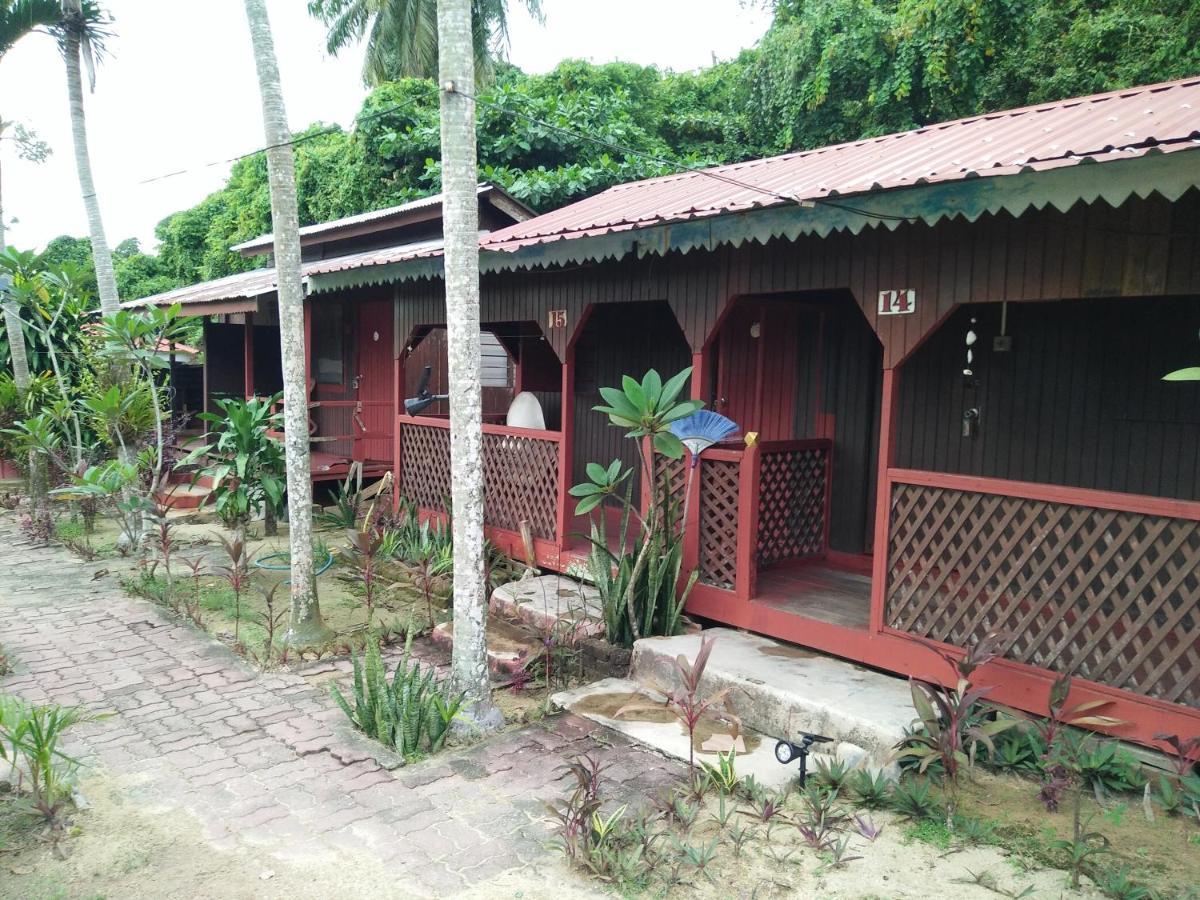 Nazri Nipah Camp Pangkor Hotel Kampung Teluk Nipah Ruang foto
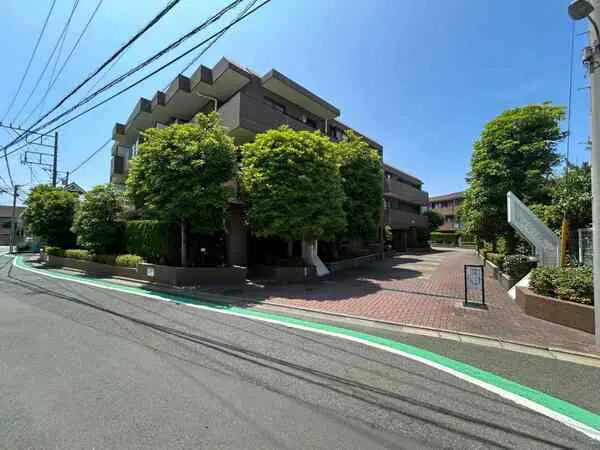 藤和鵠沼海岸ホームズフロントステージ
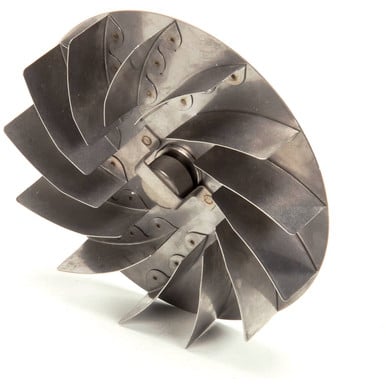 Henny Penny 44029 Weld Assy-Impeller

————————

### WHAT IS NEEDED
Repeat every line of the data exactly, but do not include pictures.

### WRITTEN REPLY
 Nazri Nipah Camp Pangkor Hotel Kampung Teluk Nipah Ruang foto
 藤和鵠沼海岸ホームズフロントステージ
 Henny Penny 44029 Weld Assy-Impeller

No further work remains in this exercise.